Comparison between Analytic and Numerical Solutions

Above we have obtained the solution for \(x(t)\) analytically, by performing the Laplace transforms by hand and obtaining a closed-form solution. In this section, we want to compare this solution to the numerical solution we can obtain with the scipy.signal or control.matlab submodules, which we have learned how to use.

Case 1

To study an example case with two real roots in the denominator of the solution \(X(s)\) in the Laplace domain, let us set \(\zeta=2\) and \(\omega_n=5\) in equation

$$ \ddot x(t) + 2 \zeta\omega_n \dot x(t) + \omega_n^2 x(t) = \frac{f(t)}{m}. $$

and obtain the solution \(x(t)\) for a unit impulse \(f(t)/m=\delta(t)\).
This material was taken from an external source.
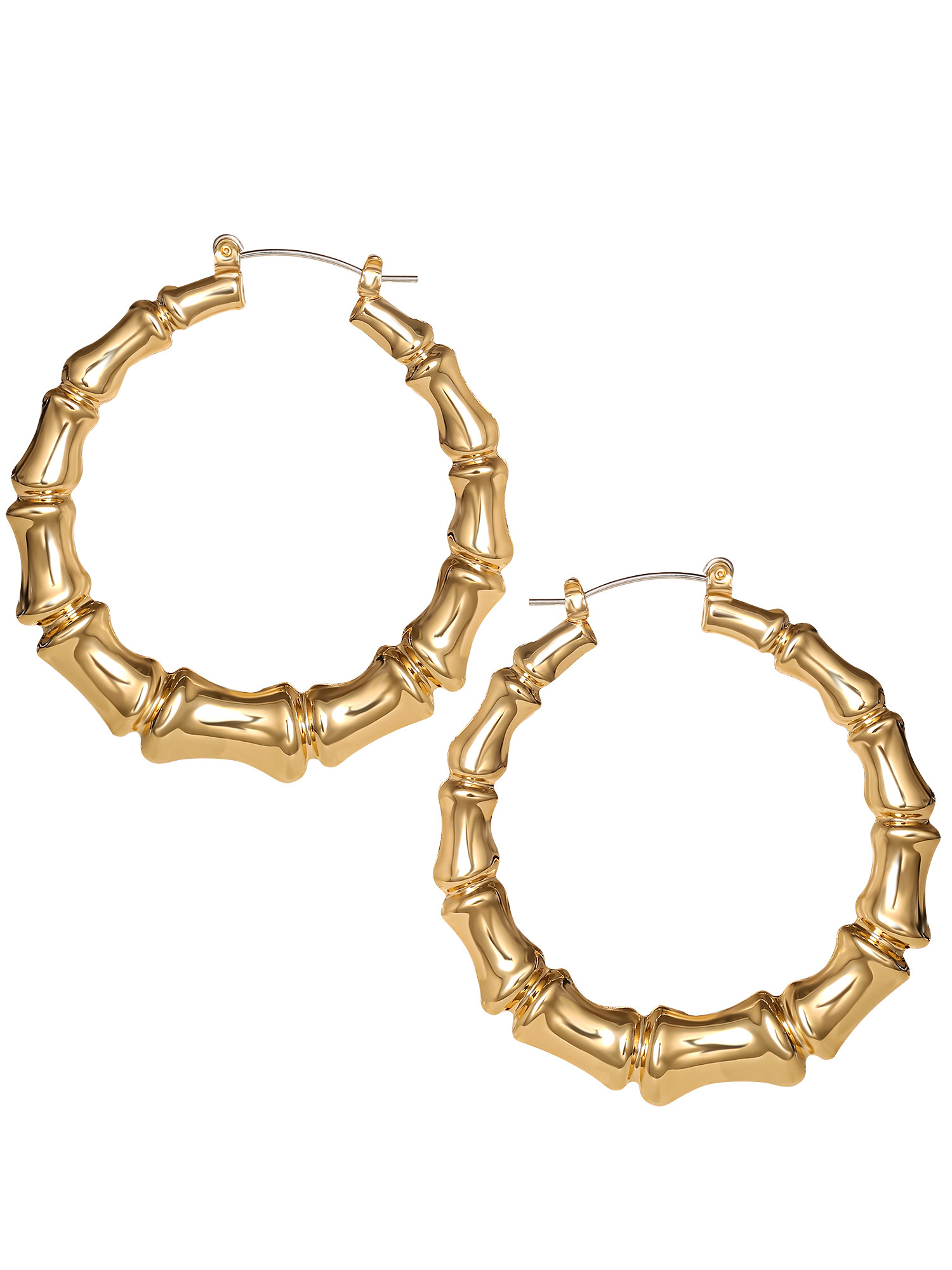 Jessica Simpson Bamboo Hoop Earring | Walmart (US)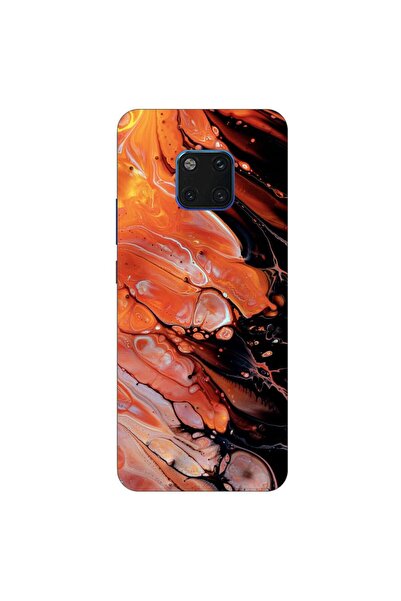 OEM Husa compatibila cu Huawei Mate 20 Pro Silicon Gel Tpu Model Abstract Lav...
We can then compare our analytic solution obtained above

$$ x(t) = \frac{1}{\sigma_1-\sigma_2} (e^{\sigma_1t}-e^{\sigma_2t}) $$

with

$$ \sigma_{1,2} = -\zeta\omega_n \pm \omega_n \sqrt{\zeta^2-1}$$

to our numerical solution from the scipy.signal submodule, using the following code:

import numpy as np
import matplotlib.pyplot as plt

from scipy import signal

zeta = 2
omega_n = 5

# Analytic solution: (case with two real roots)
sigma1 = - zeta*omega_n + omega_n * np.sqrt(zeta**2 - 1)
sigma2 = - zeta*omega_n - omega_n * np.sqrt(zeta**2 - 1)

t_analytic = np.linspace(0, 5, 1001)
x_analytic = 1.0/(sigma1-sigma2)*(np.exp(sigma1*t_analytic)-np.exp(sigma2*t_analytic))

# Numerical solution:
sys = signal.TransferFunction([1],[1, 2*zeta*omega_n, omega_n**2])
t, x = signal.impulse(sys)

# Plot x(t):
plt.plot(t_analytic, x_analytic, color="tab:red", label="Analytic Solution")
plt.plot(t, x, color="tab:blue", label="Numerical Solution")
plt.xlabel('t [seconds]')
plt.ylabel('x(t)')
plt.legend()
plt.show()

Run this code above at home in your Jupyter notebook and observe, how well the two solutions agree.

Case 2

Now please do the same for Case 2. As an example, pick values \(\zeta = 1\) and \(\omega_n=5\). This will provide a means for you to check, if you obtained the correct analytic solutions for these two cases.

Case 3

For Case 3, you can choose \(\zeta = 0.5\) and \(\omega_n=5\). This will result in a complex conjugate pair of roots (no real ones) for the denominator of \(X(s)\).